# TRY IT
Type out the complete listing below word for word, without its pictures.

# SUPPLIED MATERIAL
■ ■ ■ ■
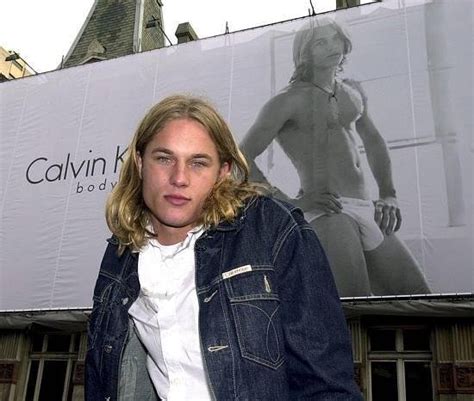 travis fimmel calvin klein ad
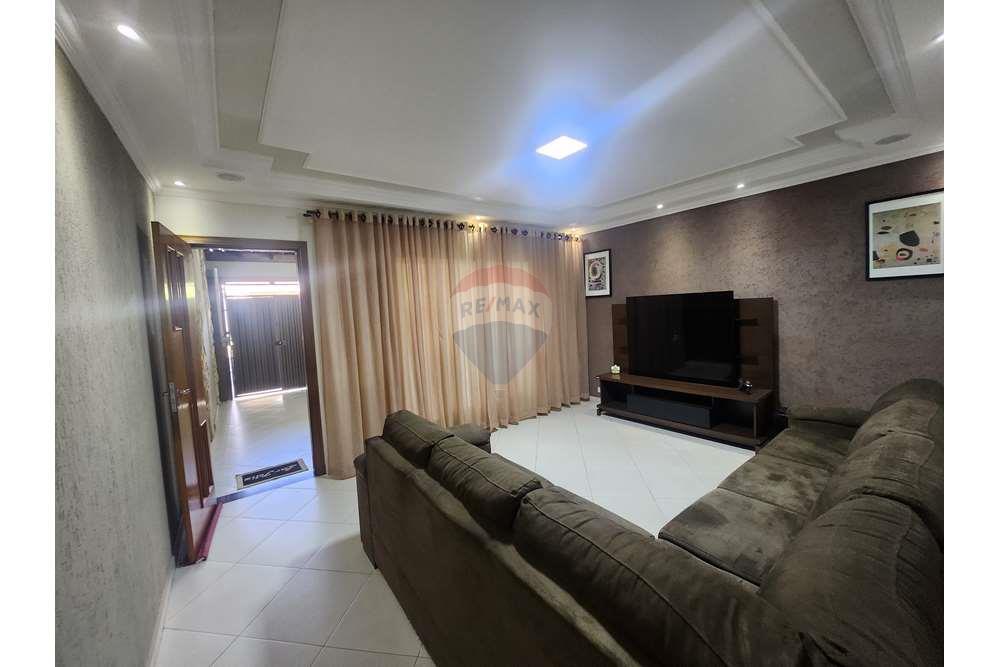 Casa à venda com 2 quartos, 117m² - Foto 8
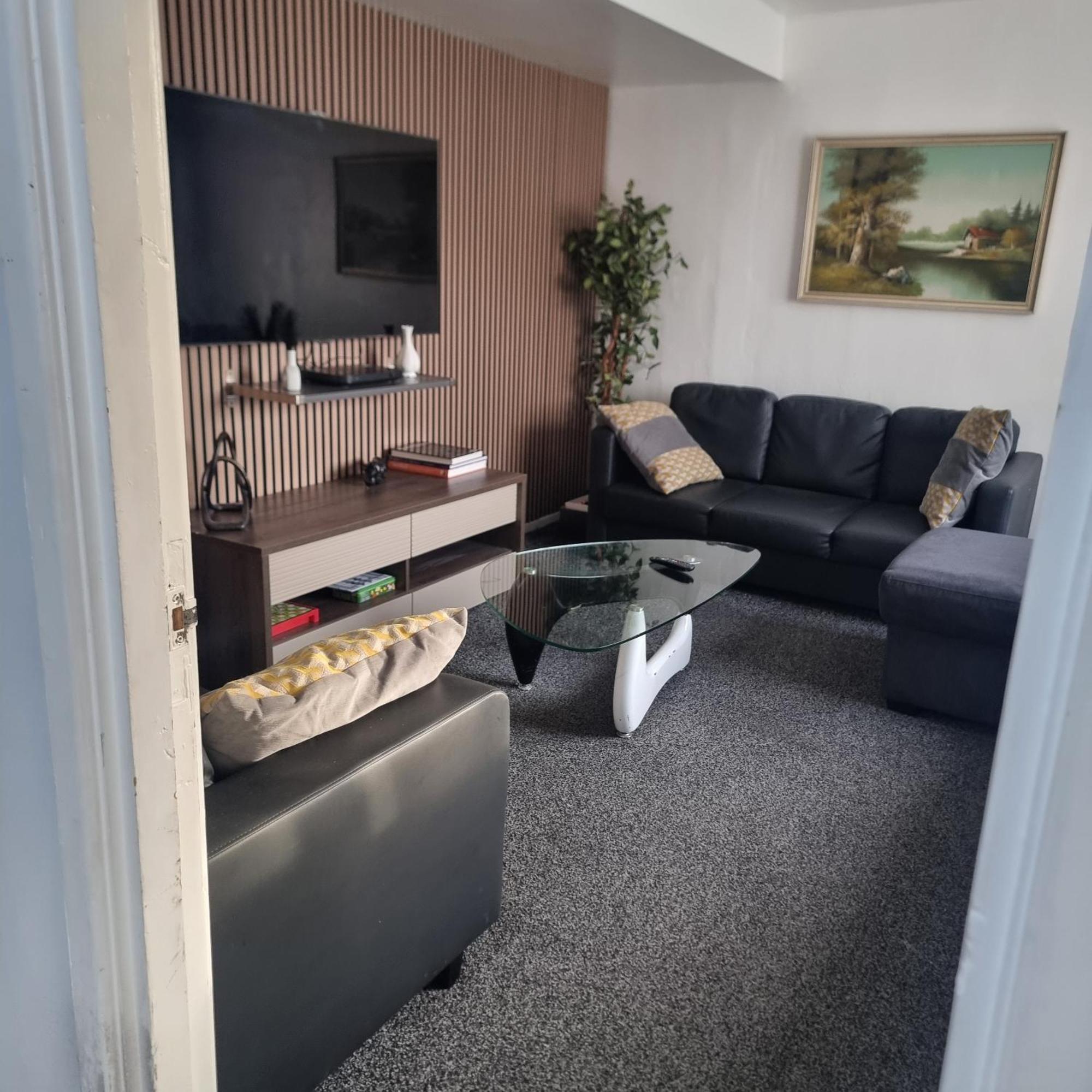 Spacious House In Central Манчестер Экстерьер фото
■ ■ ■ ■
# REPLY TO THE EXERCISE
 travis fimmel calvin klein ad
 Casa à venda com 2 quartos, 117m² - Foto 8
 Spacious House In Central Манчестер Экстерьер фото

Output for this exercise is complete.